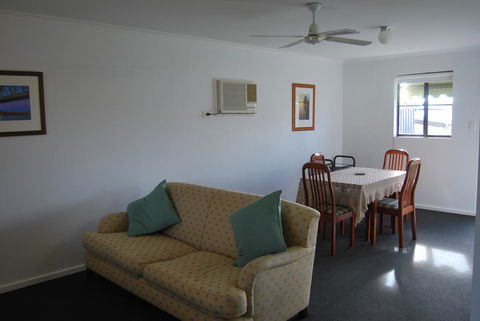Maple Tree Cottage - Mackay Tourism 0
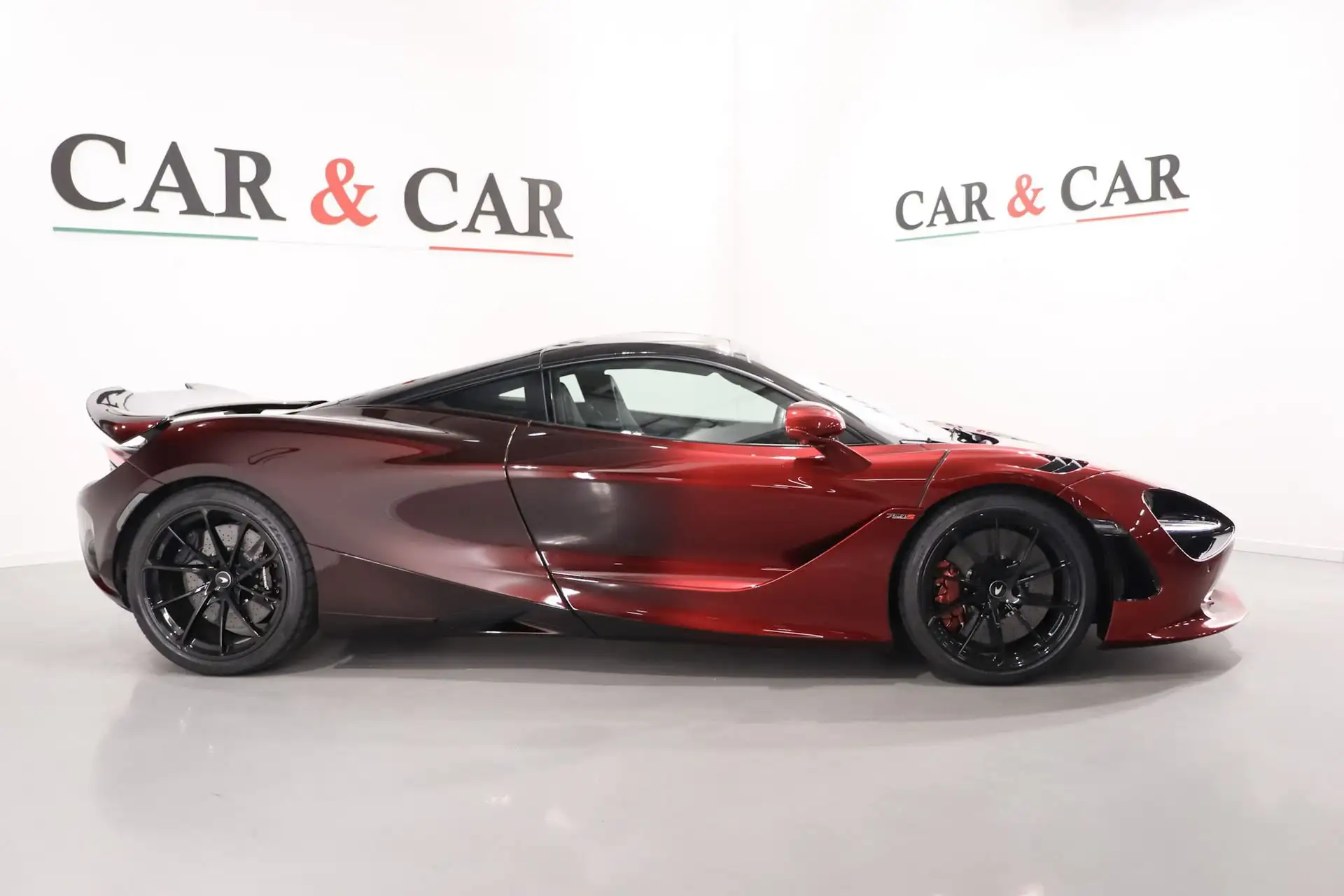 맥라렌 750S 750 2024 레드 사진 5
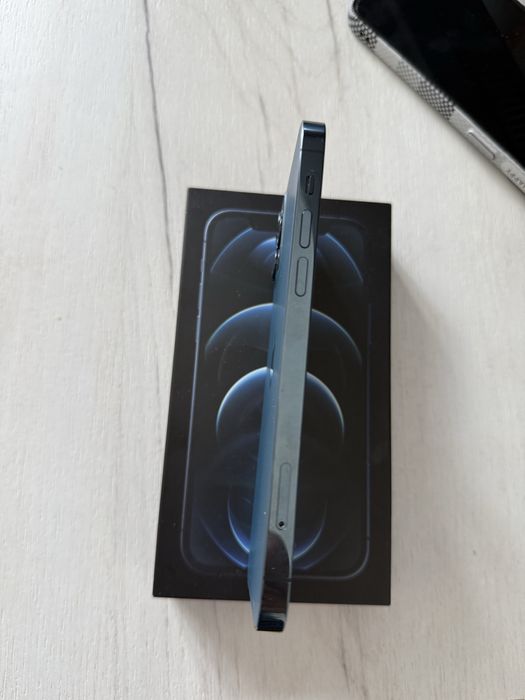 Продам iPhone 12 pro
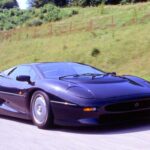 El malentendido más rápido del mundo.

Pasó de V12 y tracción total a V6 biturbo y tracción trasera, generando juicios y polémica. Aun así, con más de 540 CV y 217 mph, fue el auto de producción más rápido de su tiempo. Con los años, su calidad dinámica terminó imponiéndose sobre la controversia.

Work task
Return the records above exactly as written. Do not include their images.

Exercise answer
Maple Tree Cottage - Mackay Tourism 0
 맥라렌 750S 750 2024 레드 사진 5
 Продам iPhone 12 pro
 El malentendido más rápido del mundo.

Pasó de V12 y tracción total a V6 biturbo y tracción trasera, generando juicios y polémica. Aun así, con más de 540 CV y 217 mph, fue el auto de producción más rápido de su tiempo. Con los años, su calidad dinámica terminó imponiéndose sobre la controversia.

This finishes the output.